Post # 32
@Audrey2: I think the prompt for the honorific (M…..) is so the couple knows the gender (and maybe marital status) of the person coming. Marital status probably doesn’t matter that much anymore but with more and more gender neutral names, a Miss might help if, say, they are giving different favors to each gender or something. It would also be helpful for men and boys with the same name (Mr. John Blake vs. Mstr. John Blake) but most people who would be confused by the M_____ would probably never use Master anyway.

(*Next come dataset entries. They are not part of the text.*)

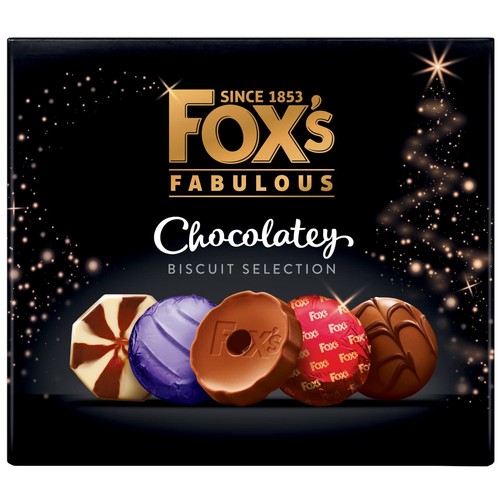Fox confezione selezione - fox's,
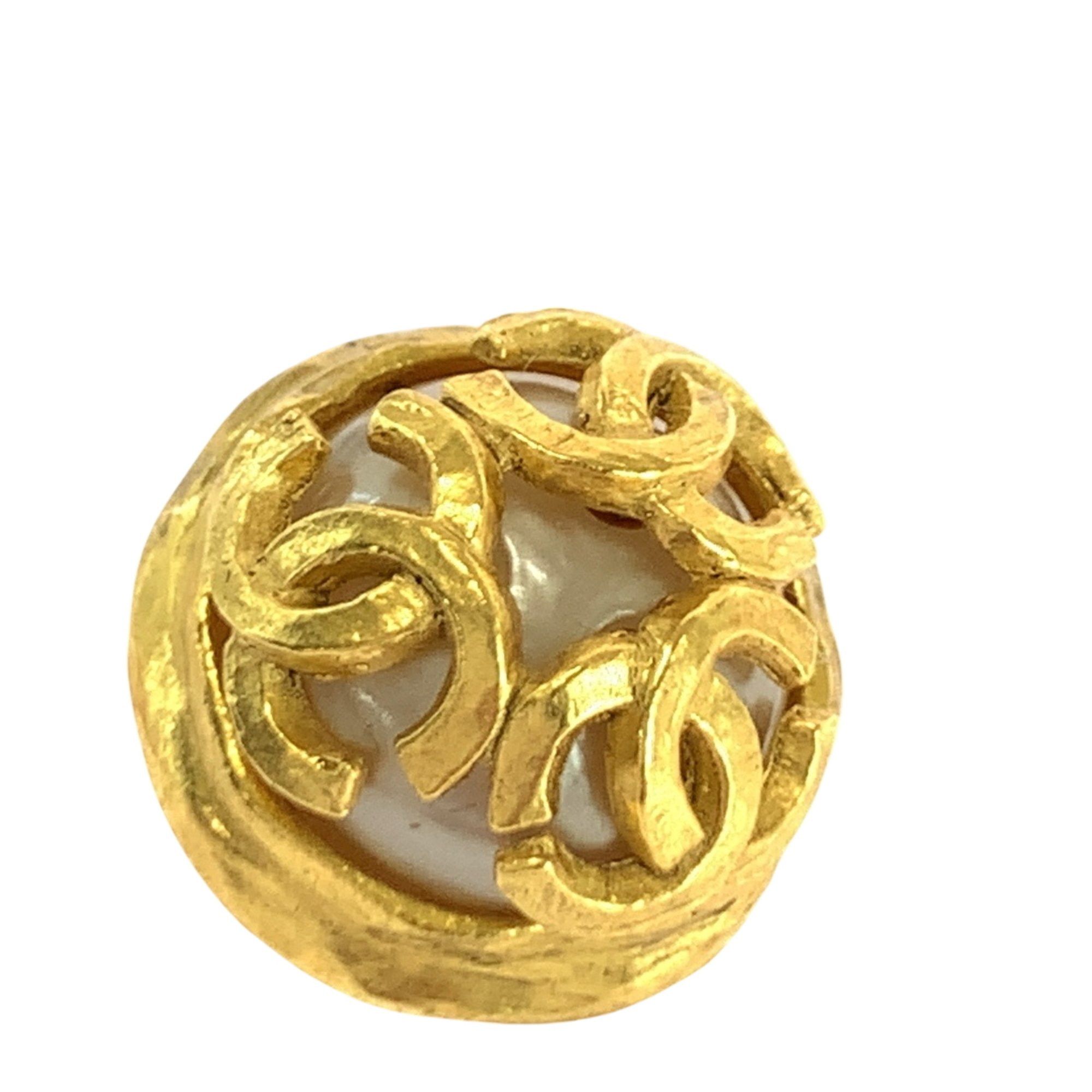 Chanel Chanel Triple coco earring Size ONE SIZE - 5 Thumbnail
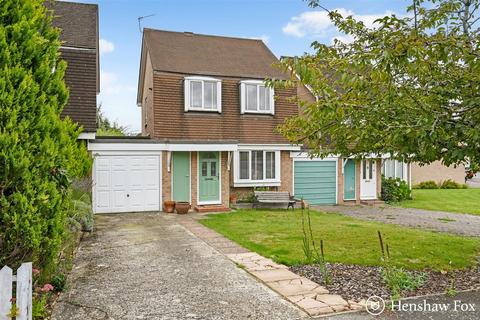 3 bedroom link detached house for sale, Westering, Romsey, Hampshire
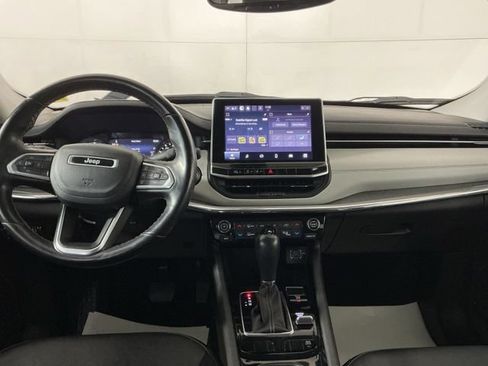 Used 2022 Jeep Compass Limited AWD/4WD image 15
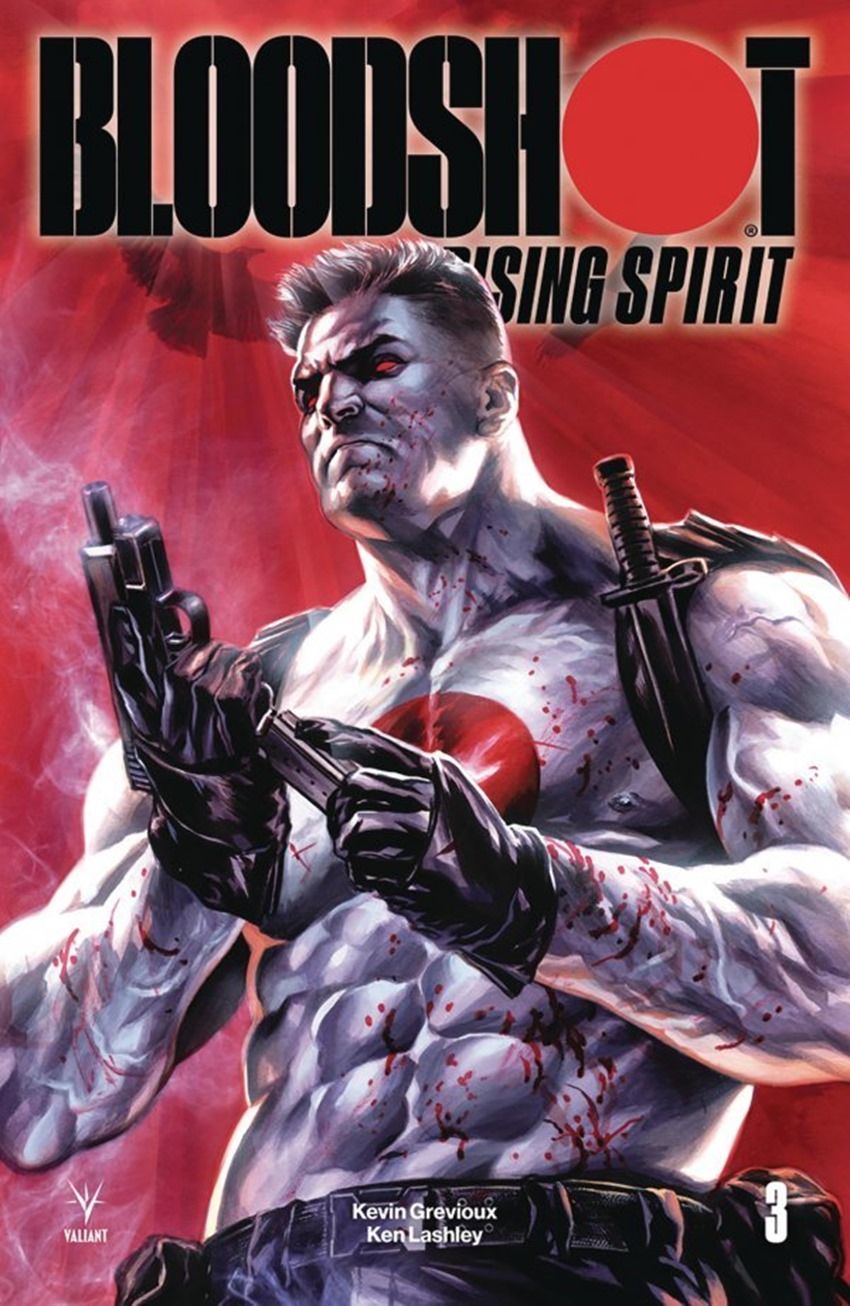 Bloodshot Rising Spirit #3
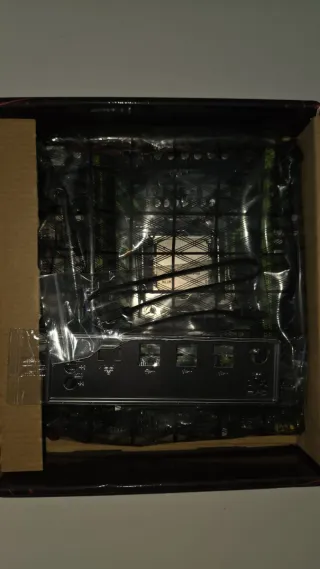 Placa Base ASUS GAMING Nueva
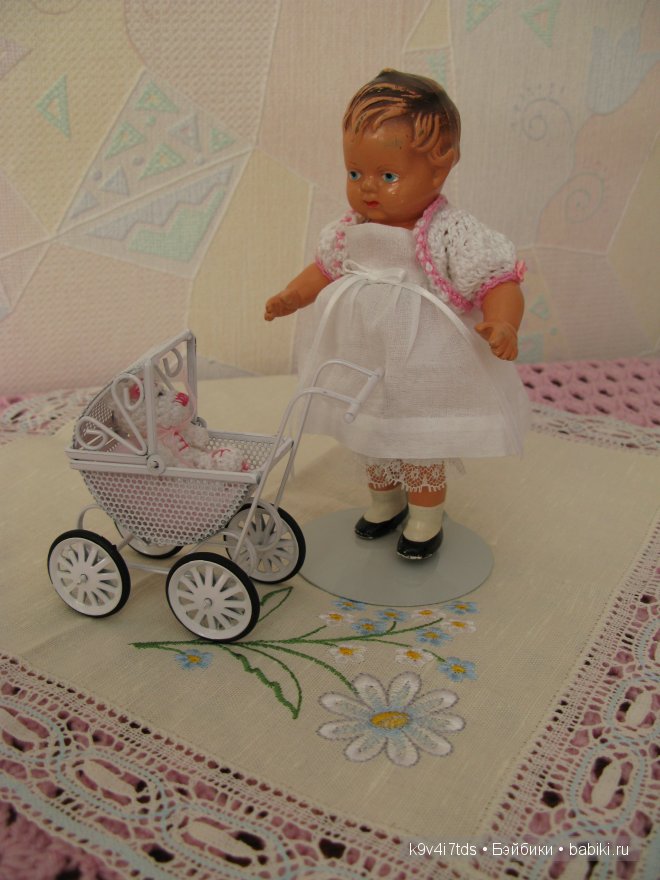 немецкая кукла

Long story short: it’s the way RSVPs have been done for a long time but now a lot of the reasons have fallen by the wayside.
Post # 33
@MexiPino: thanks for explaining that to me. I can’t help thinking though that if you know me well enough to invite me to your wedding, you should know my gender and marital status lol :p but I take your point!
Post # 34
@Audrey2: lol, yeah. That’s why I say most of the reasons aren’t important anymore. But I know there ae some bees who had one of those weddings where it’s mostly their parents’ friends, so I guess some people still actually need it. Me- I will just fill in everyone’s names myself with a check mark yes or no by each.
Post # 35
@abbie017: +100!! Ahhh common sense…where have you gone?!
Post # 36
No matter what you put, someone will be confused or annoyed by it. If 95% of people are fine with it and only 5% are having problems, then it’s all good. I agree that the M can be confusing for people, and frankly it’s pretty antiquated. We did that and some people used it, some people were confused by it, and most people ignored it and just put their names. Most people RSVP’d properly, but a lot didn’t. I dont’ think there’s anything we could have done to fix it. Let them complain; just make sure you know who’s coming.
Post # 37
Those are super cute! I’m guessing the people who are confused, have never been invited to a wedding before, or are the rude deusche canoes who don’t understand everyone and their brother isn’t invited.
The first time I recieved an invite to a wedding, I admit, I looked up the M thing. I was like whaaaat? haha. problem solved in 1 minute of googling.
Others, I’ve noticed that people expect they themselves get an invite, their gf or bf of two weeks are included, and their gf/bf children and their bf/gf and blah blah blah etc. They see the 2 seats reserved in your honor, but can’t process why it’s just them and ONE guest invited.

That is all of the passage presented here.